The Acquisition is expected to close on or about March 8, 2024. Upon closing of the Acquisition, DMC will acquire all of the member interests of Rich Gulch, LLC ("Rich Gulch LLC"), the undivided 100% owner of the Rich Gulch claims. The closing of the Acquisition is subject to the satisfaction of certain closing conditions and consents, including, but not limited to, the approval of the TSX Venture Exchange (the "TSXV").
Integra's President, CEO & Director, Jason Kosec commented: "The acquisition of the Rich Gulch claims represents a small, but strategic transaction for Integra. Located immediately adjacent to the Florida Mountain Deposit, Rich Gulch is an efficient location for a DRSF during future mining operations at the Project. Work on an updated mine plan, which includes the use of the Rich Gulch area, is underway and will form the basis of a future Feasibility Study at DeLamar.
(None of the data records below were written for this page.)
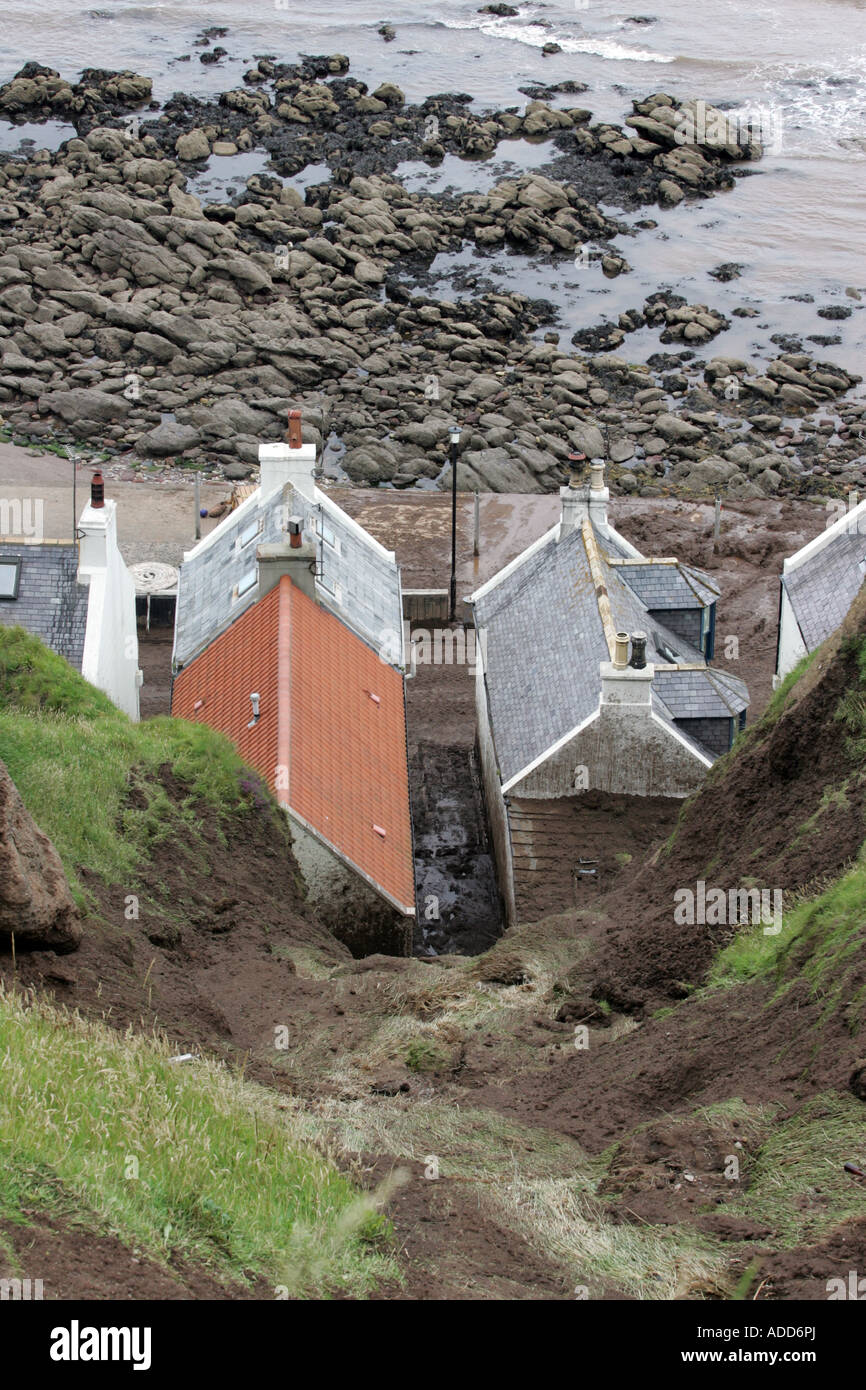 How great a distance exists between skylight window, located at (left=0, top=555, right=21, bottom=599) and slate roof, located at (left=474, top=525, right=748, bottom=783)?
10601 millimetres

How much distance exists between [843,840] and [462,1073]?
6.01 meters

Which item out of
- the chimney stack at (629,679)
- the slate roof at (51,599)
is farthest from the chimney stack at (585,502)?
the slate roof at (51,599)

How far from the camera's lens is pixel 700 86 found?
105m

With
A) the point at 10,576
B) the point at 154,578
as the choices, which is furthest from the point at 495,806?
the point at 154,578

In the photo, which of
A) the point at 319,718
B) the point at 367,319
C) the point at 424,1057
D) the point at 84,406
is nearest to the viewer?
the point at 424,1057

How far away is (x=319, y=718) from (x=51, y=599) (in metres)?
6.24

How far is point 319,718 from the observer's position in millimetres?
29328

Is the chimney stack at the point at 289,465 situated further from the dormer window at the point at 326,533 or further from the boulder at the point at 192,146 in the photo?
the boulder at the point at 192,146

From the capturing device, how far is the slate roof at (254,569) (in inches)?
1299

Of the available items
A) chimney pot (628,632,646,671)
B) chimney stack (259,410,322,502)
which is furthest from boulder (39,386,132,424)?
chimney pot (628,632,646,671)

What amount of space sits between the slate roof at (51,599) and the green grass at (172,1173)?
1552 centimetres

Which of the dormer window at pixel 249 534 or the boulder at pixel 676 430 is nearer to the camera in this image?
the dormer window at pixel 249 534

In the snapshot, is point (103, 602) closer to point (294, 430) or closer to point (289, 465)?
point (289, 465) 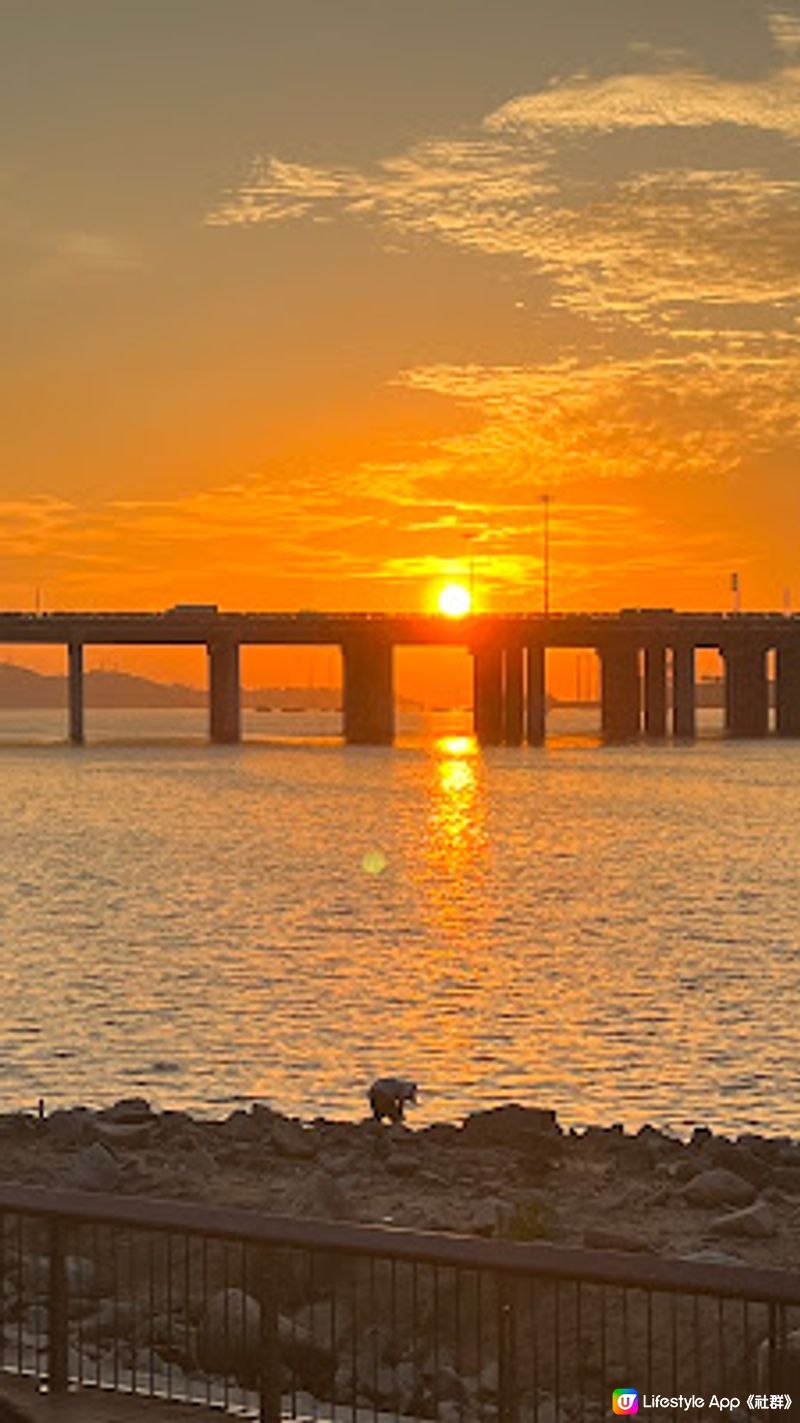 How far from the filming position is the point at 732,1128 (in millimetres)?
33625

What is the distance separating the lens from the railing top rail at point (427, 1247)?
986 centimetres

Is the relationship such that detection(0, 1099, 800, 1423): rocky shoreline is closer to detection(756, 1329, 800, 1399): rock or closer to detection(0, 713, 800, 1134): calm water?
detection(756, 1329, 800, 1399): rock

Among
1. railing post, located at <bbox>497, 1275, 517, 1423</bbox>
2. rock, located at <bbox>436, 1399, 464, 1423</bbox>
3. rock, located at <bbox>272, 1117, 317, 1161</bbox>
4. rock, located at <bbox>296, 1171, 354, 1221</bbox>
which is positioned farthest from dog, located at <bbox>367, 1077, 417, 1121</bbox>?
railing post, located at <bbox>497, 1275, 517, 1423</bbox>

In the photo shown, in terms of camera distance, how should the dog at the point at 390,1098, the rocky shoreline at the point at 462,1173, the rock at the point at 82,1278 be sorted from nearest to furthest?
the rock at the point at 82,1278 → the rocky shoreline at the point at 462,1173 → the dog at the point at 390,1098

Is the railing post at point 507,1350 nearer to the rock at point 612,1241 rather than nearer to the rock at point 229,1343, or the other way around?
the rock at point 229,1343

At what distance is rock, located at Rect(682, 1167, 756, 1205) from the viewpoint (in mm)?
23453

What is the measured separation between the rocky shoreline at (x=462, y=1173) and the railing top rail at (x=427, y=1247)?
9.51m

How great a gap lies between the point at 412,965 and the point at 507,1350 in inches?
1896

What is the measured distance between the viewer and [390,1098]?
104 ft

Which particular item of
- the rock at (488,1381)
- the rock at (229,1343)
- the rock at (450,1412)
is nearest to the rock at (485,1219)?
the rock at (488,1381)

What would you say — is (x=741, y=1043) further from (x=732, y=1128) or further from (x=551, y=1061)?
(x=732, y=1128)

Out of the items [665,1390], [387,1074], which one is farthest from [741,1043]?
[665,1390]

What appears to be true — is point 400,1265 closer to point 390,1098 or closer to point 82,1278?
point 82,1278

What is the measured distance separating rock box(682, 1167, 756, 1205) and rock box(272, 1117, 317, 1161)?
529 centimetres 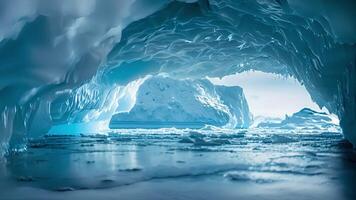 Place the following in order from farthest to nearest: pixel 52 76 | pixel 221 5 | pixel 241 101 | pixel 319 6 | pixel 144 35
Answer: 1. pixel 241 101
2. pixel 144 35
3. pixel 221 5
4. pixel 52 76
5. pixel 319 6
The Company continues to advance DeLamar through the National Environmental Policy Act permitting process following the submission of the Draft Mine Plan of Operations to the Bureau of Land Management in December 2023. DeLamar is one of the few development projects in the Western United States being advanced towards a construction decision."
Summary Terms of the Acquisition
Under the terms of an option agreement (the "Option Agreement") as between DMC and an arm's length vendor (the "Vendor"), DMC has the Option to purchase all of the member interests of Rich Gulch LLC (the "Interests") pursuant to a membership interest purchase agreement (the "MIPA"), to be entered into as between DMC and the Vendor. DMC has exercised its option to enter into the MIPA. Under the terms of the MIPA, DMC will acquire all of the Interests in exchange for US$2,100,000 (the "Purchase Price"). The Purchase Price is to be satisfied through the issuance of common shares in the capital of the Company (the "Shares") based on the five-day volume weighted average price ("VWAP") of the Shares preceding the closing date of the Acquisition (the "Closing Date"). The MIPA provides that, notwithstanding the VWAP calculation, that in no event shall the number of Shares issued to the Vendor for the Interests be less than 840,000. The MIPA also provides that the parties to the MIPA acknowledge and agree that the regulations of the TSXV with respect to the setting of a floor issue price (that may be different than the VWAP calculation) will apply to the issuance of the Shares.
The Shares to be issued will be subject to a statutory hold period of four months and a day, and a voluntary lock-up from which 25% will be released 45 and 90 days, respectively, from the Closing Date, and 50% released on January 3, 2025.
As consideration for the grant of the Option pursuant to the Option Agreement, DMC paid to the Vendor US$24,000 in cash.
No finder's fees have been paid or are payable in connection with the Acquisition.